Dickens lived in the 1800s. He was born in Landport, Portsea, England on February 7, 1812. He had seven siblings and at age 11 was taken out of school to work at a factory. He was paid six shillings a week. When his father and the rest of his family were thrown in jail, Charles was left in the city, alone.
After situations improved, he went back to school; then became an office boy, then a freelance reporter, and then an author. He published The Pickwick Papers in 1837 and gained immediate fame.
After publishing many other books, he married Catherine Hegarth. He had ten children when they split up. Sadly, he died of a stroke on June 8, 1870. The books that he wrote were mostly about poor people’s situations. Dickens is very sarcastic in his books and he shows people’s situations without them coated in sugar and honey.

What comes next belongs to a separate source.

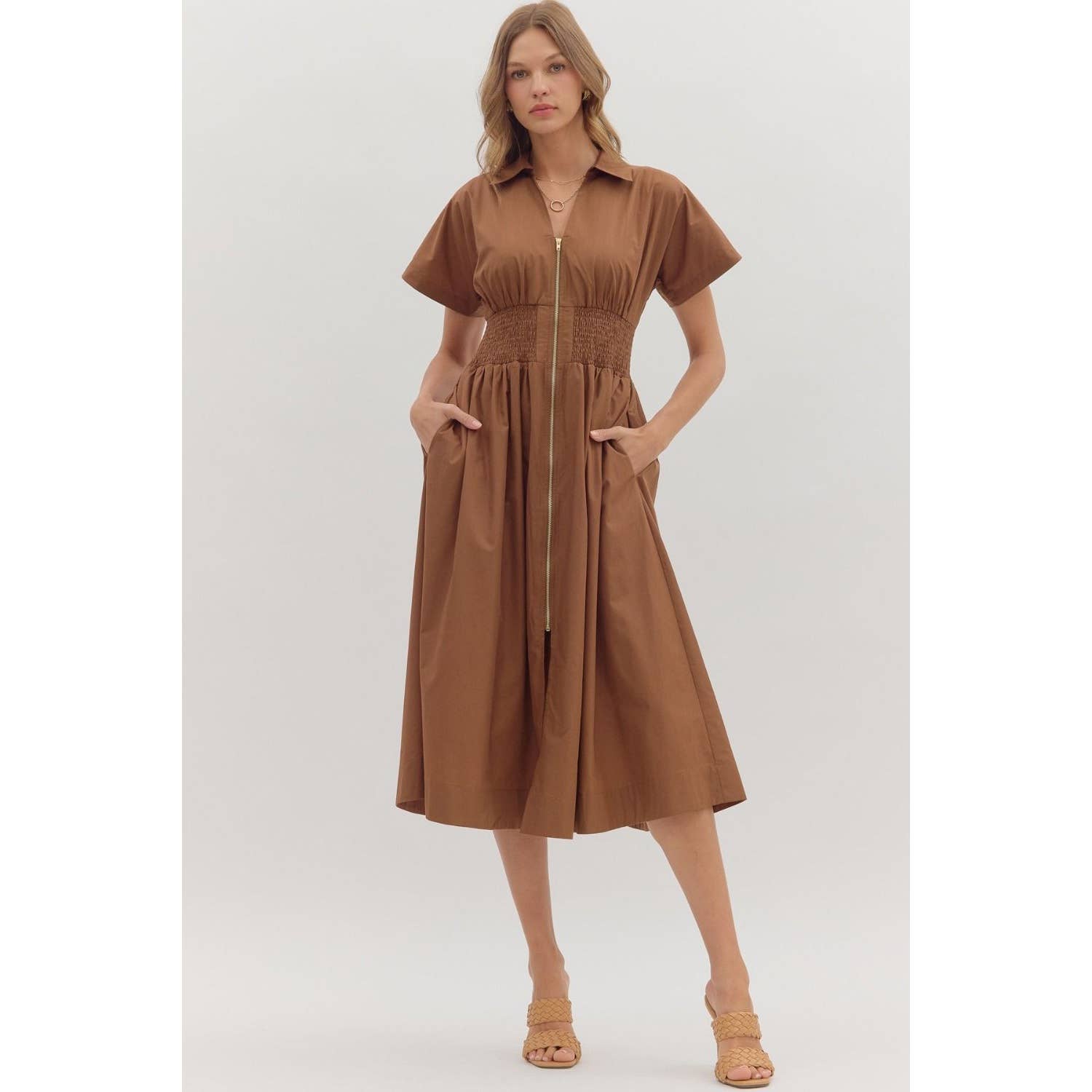 STYLE USA - Wholesale Dress - Women's - Solid short sleeve midi dress 0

In Oliver Twist Dickens shows how children were treated in the poorhouse. Careless and hard-hearted women accidently smothered children when making beds, they scalded them to death when they washed clothes, and the children were almost never washed. They were clothed in the thinnest clothing, beaten and starved. Oliver asks for another tiny bowlful of soup as he was still starving when in the poorhouse, and would’ve been hanged for it if not for a very narrow escape.
The rich people spoke of the poor as though they were whining, overfed dogs. They closed their eyes to the people dying on the sides of the streets and it didn’t even cross their minds that they should maybe help.
Certainly, people were left to starve in the streets, but at least some of them were given jobs! Some boys could be chimney sweeps, so that they could get stuck in the chimney and have the fire lit while they were still inside. They were only smothered by the smoke or had the bottoms of their feet burned so they couldn’t walk properly for the rest of their lives, but who cares? They’re replicable! Well, so thought their privileged abusers.
People were often put in prison for no reason. The judge casually assumed that a person who happened to be passing by the scene was guilty, and had them thrown in a cell without a proper trial.
Charles Dickens was one of the only people who wrote about the poor. He lived his books (quite literally) so he could really tell what was going on behind the scenes.